具体的な活動としては、健康づくりや介護予防のための体操、ウォーキング、シニア・スポーツ、交通安全、子供の見守りパトロール、趣味や芸能などのサークル活動などが紹介されています。26万人余りの会員をかかえる東京都老人クラブ連合会のホームページには、年度ごとの行事日程も公開されていて、年間を通じて様々な活動が行われていることがうかがわれます。

このように実態のある老人クラブですが、厚生労働省の「福祉行政報告例」によると、2019年度(令和元年度)末の老人クラブ数は92,836クラブで、前年度に比べ2,987クラブ(3.1%)減少、会員数は4,988,999人で前年度に比べて256,724(4.9%)減少しています。過去最高だった1995年(平成7年)にはクラブ数が約134,000、会員数が880万人余りでしたが、これ以降継続して右肩下がりでクラブ数、会員数とも減少しているのです(内閣府「令和2年版高齢社会白書」)。

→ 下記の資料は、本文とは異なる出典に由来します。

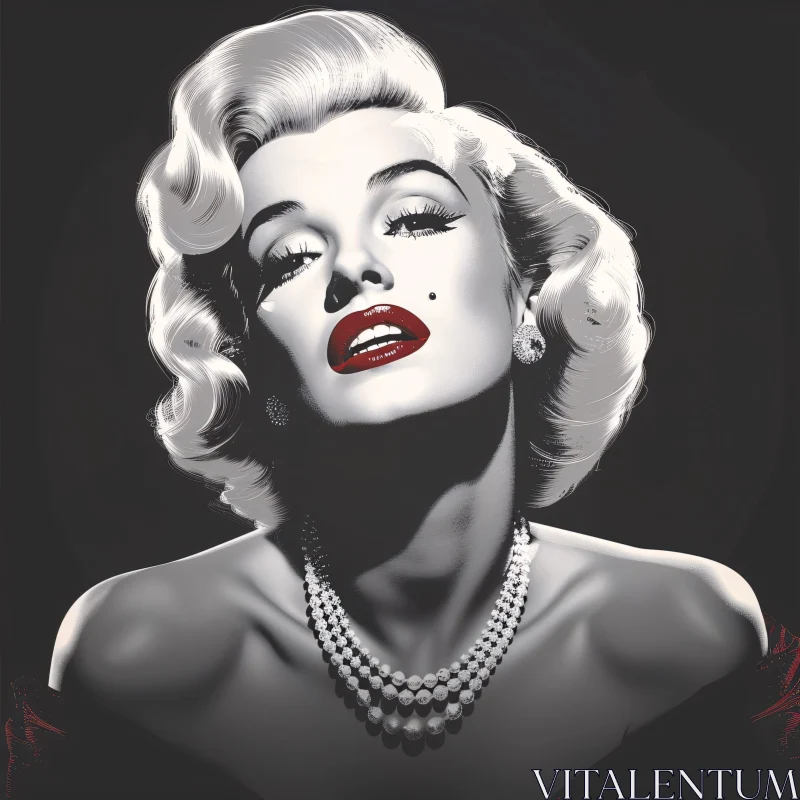 Marilyn Monroe Iconic Black and White Image AI Image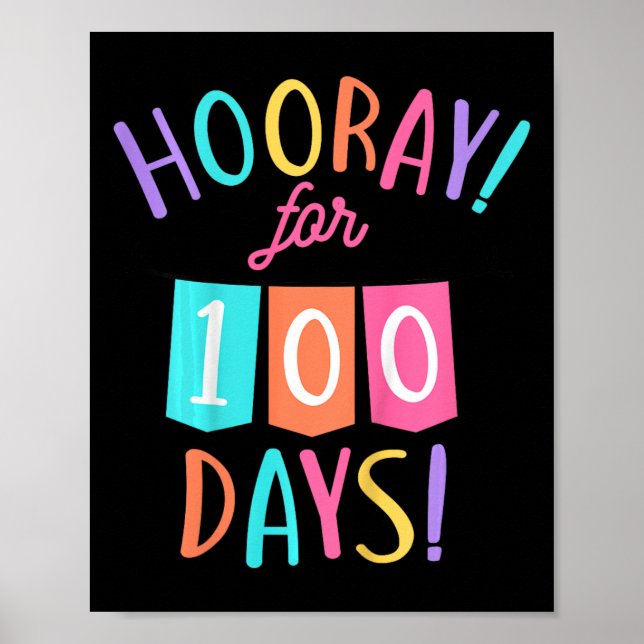 Poster Crianças Vivem Por 100 Dias 100º Dia Da Escola (Frente)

高齢化社会が進行する中で、老人クラブの活動がクラブ数や会員数の上では「衰退」しているように見えるのはなぜなのでしょうか。

「老人クラブ」という名称が悪い、という声も一部には聞かれるようですが、高齢者が増えることで高齢者のライフスタイル、価値観や趣味が多様化していること、さらには高齢者が利用できる公共や民間のサービスが充実してきて選択肢が増え、老人クラブの活動の存在感が薄れていることが大きな理由と言えるかもしれません。

また現役の期間が延びて、60代では働いている人が多く、60代で老人クラブの活動に参加しようという状況にはないということも大きな要因でしょう。

老人クラブの活動が今後さらに衰退していくとしても、それは決してシニアの活動そのものが衰退しているからではなく、むしろシニアの活動がより活発なものとして発展して行っているためと言えそうな気がします。